Seit dem Anziehen der Inflation im letzten Jahr und dem russischen Angriff auf die Ukraine hat sich das Marktumfeld aber deutlich gewandelt. Auf den Aktienmärkten hat die Volatilität selbst stabile Value-Titel im Griff und geopolitische „unknown unknowns“ lassen auch die Kurse vieler Staatsanleihen schwanken. Eine Korrelation, die so gut wie alle Assets erfasst hat. Selbst der Goldmarkt gilt vielen Anleger bereits als unsicher, da Russland seine riesigen Reserven jederzeit gegen ausländische Devisen eintauschen könnte. Die bittere Wahrheit: Ein wirklich sicherer Hafen ist derzeit nur schwer zu finden. Anleger sollten sich deshalb auf eine von Unsicherheiten geprägte Übergangsphase einstellen, bei der sie sich je nach Marktumfeld immer wieder neu positionieren müssen.

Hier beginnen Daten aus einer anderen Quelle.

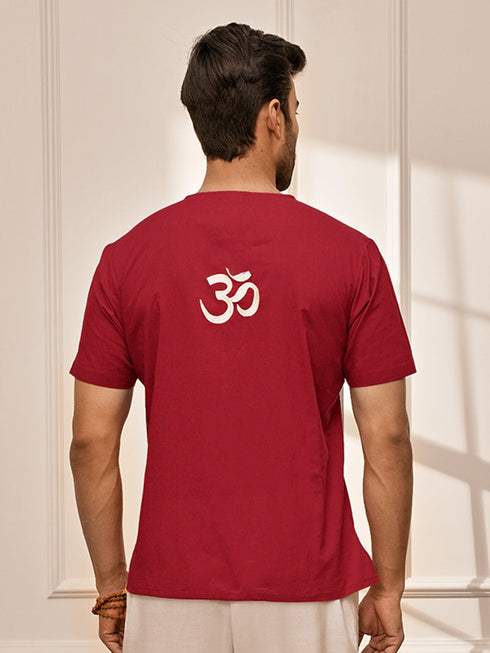 Men Red Cambric Cotton Yoga Kurta With Om Embroidery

Dabei lässt sich bis auf weiteres von zwei Szenarien ausgehen: Dem Basisszenario der säkularen Stagnation samt anhaltender Inflation sowie dem Worst-Case-Szenario der Stagflation. Letzteres gilt vielen als Schreckgespenst der Stunde, das unheilvolle Erinnerungen an die 70er Jahre wach werden lässt. Damals wie heute löste ein Anstieg der Energiekosten eine tiefe Krise in den westlichen Industrienationen aus, die sich erst durch ein hartes Eingreifen der Zentralbanken überwinden ließ – die Rosskur des Volcker-Schocks. Ein Szenario, das nun erneut diskutiert wird und in den USA bereits ihren Niederschlag in den Erwartungen an die Notenbankpolitik gefunden hat. Anders die Situation in Europa, wo eine größere Abhängigkeit vom russischen Gas die Angst vor einer starken Rezession aufwirft. Gelähmt durch den Zielkonflikt von Inflationsbekämpfung und Konjunkturbelebung ist von der EZB hier kaum mit einem energischen Eingreifen zu rechnen, wenngleich Christine Lagarde bereits einen zeitnahen Abbau der EZB-Bilanzen angekündigt hat. Die Notkaufprogramme von Staatsanleihen werden also gedrosselt.

Zwischen den Szenarien

Letzten Endes sollte allen Beteiligten jedoch klar sein, dass seriöse Prognosen aufgrund der komplexen Auswirkungen der Energiepreissteigerungen samt möglicher Zweit- und Drittrundeneffekte derzeit mit besonders großer Unsicherheit zu genießen sind. Bis auf Weiteres gilt für Zentralbanker, Unternehmen und Anleger deshalb das gleiche Credo: Fahren auf Sicht. Anleger sind dabei gut beraten, auf regimeabhängige “Anti-Fragile-Assets” zu setzen. Mit anderen Worten: Je nach Inflations- und Wachstumsentwicklung gilt es in Zukunft zügig umzuschichten und zwischen verschiedenen Häfen zu wechseln. Im Fall unseres Basisszenarios bieten sich US-Finanzwerte an, die von traditionell von einem Zinserhöhungszyklus profitieren dürften, sowie Dienstleiter, die durch die Lockerung der Corona-Maßnahmen an Auftrieb gewinnen. Im Vorteil sind auch alle Unternehmen, die über ein „sturmerprobtes“ Geschäftsmodell verfügen und stabile Gewinnmargen aufweisen, z.B. Technologie- und Pharmawerte. Darüber hinaus können auch hochrentierliche Anleihen mit einer kurzen Laufzeit im Kampf gegen Inflation und Volatilität helfen. Tritt jedoch das Szenario einer Stagflation ein, sind Gold und Liquidität erste Wahl.